Although not every type of commercial property offers up decent yield in comparison to others if you’re investing and love cash flow, the asset type you purchase, and its location will be the difference in yielding high or low in return. Yield is the one obvious reason to invest.
So, what is yield?
The rate of return generated from a property is known as gross yield. It’s essentially rental income proportionate to its property value.
Net yield is slightly different. It’s based on the same calculation, but with overheads and outgoings like taxes, thrown into the mix. It’s also known as the capitalisation rate.
How do you calculate the yield of your property?

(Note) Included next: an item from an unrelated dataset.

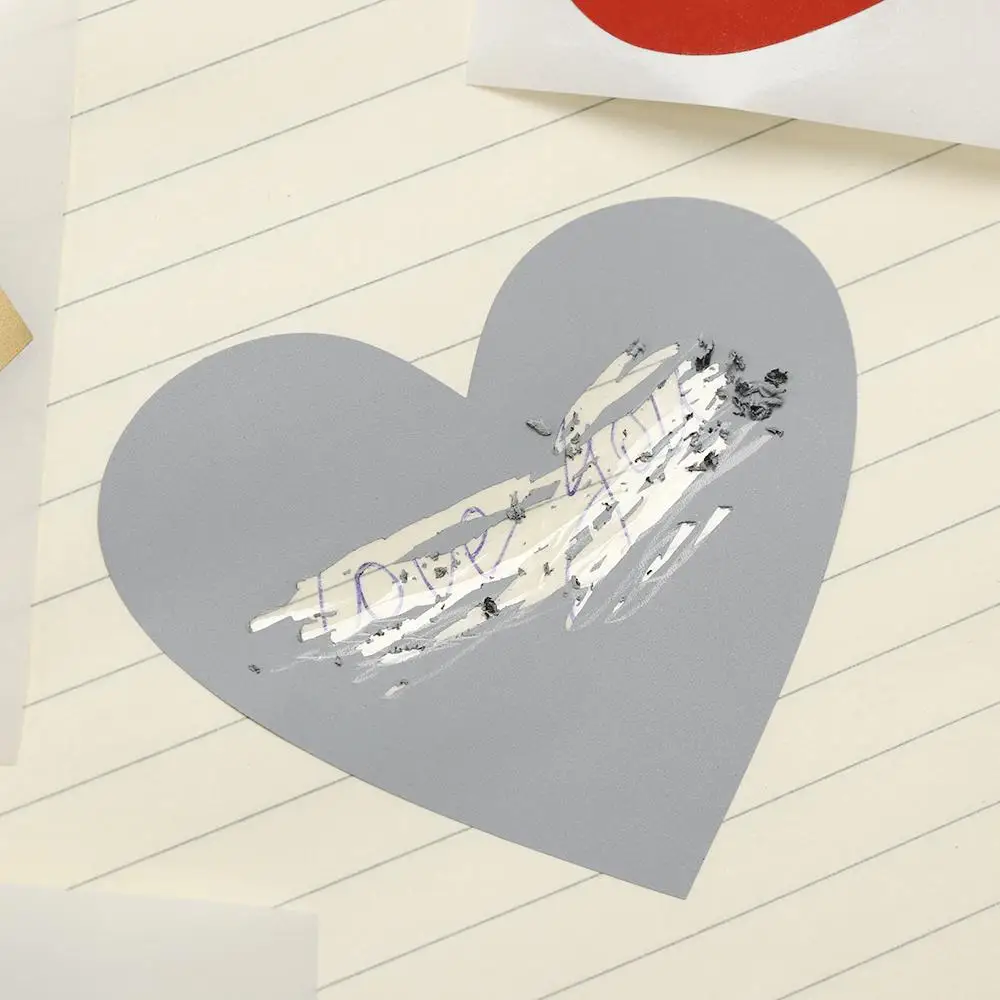 50 Pcs Gold & Silver Love Heart & Pentagram Scratch Stickers 3 50 Pcs Gold & Silver Love Heart & Pentagram Scratch Stickers - Image 3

Financially speaking yield is the percentage term describing income that comes from an investment. In commercial property, the yield is calculated by dividing the rental income (annual), by the purchase price of the property. For example, a warehouse bought for $2 million with an annual income of $100,000 has a yield of 5.0% ($100,000 divided by 2 million equals 5%).
Yields can be high or low and are dependent on demand, location and property price. Demand is associated with economic factors like employment, consumer spending and business investment.

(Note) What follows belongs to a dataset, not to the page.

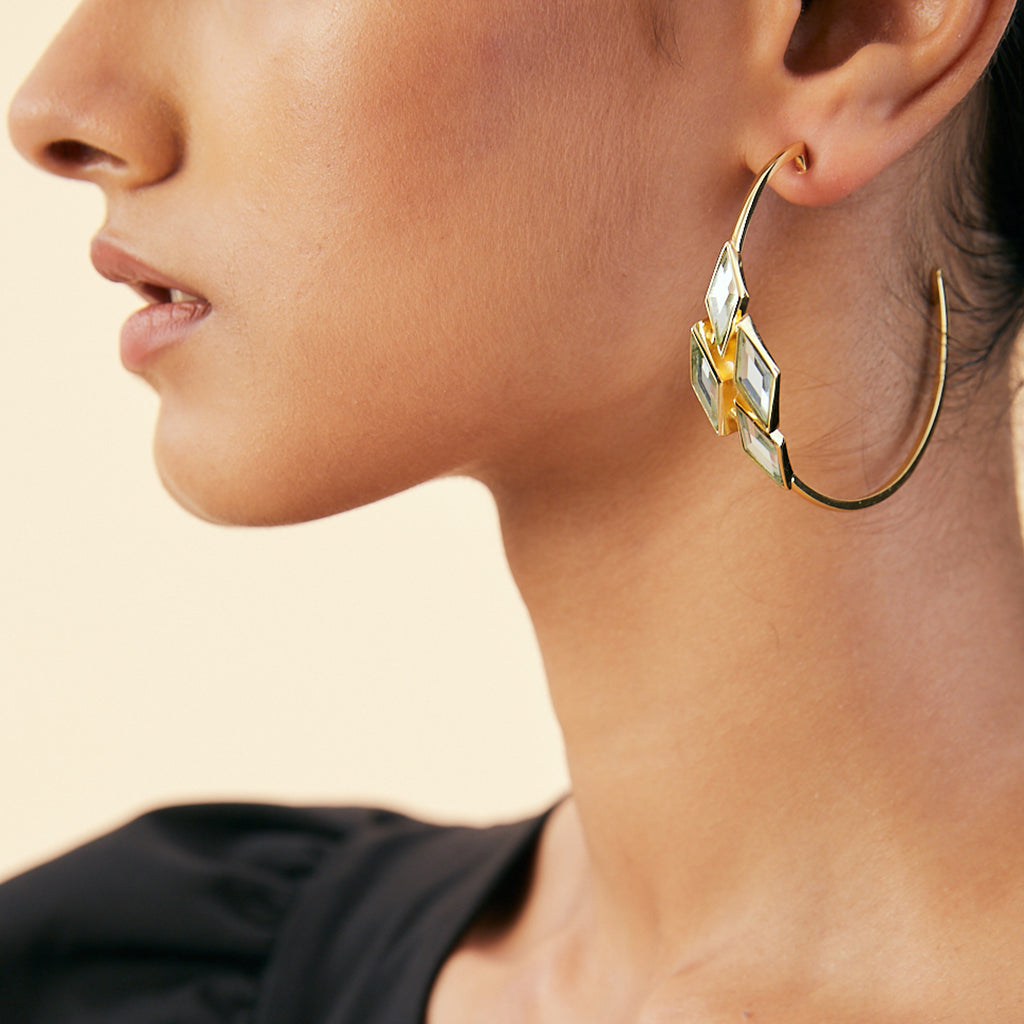 Demi Goddess Rhombus Mirror Hoop Earrings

Many factors can affect the yield of a commercial property. When purchase prices increase, this can lower yields and is a recent observation in both Melbourne and Sydney CBD office markets. Increases in purchase prices typically mean there are highly active institutional investors looking for quality long-term investments.
Lack of demand for these types of commercial spaces can see property owners lowering prices to attract tenants, also lowering yields.
How essential is yield for property investors?
The significance an investor should place on yield rates is very much dependent on the market they are exploring. In commercial real estate, yield is crucial because higher capital growth rates are uncommon. Commercial property yield also carries more investment weight than residential yields. Yield is the main source of making money on commercial or industrial property.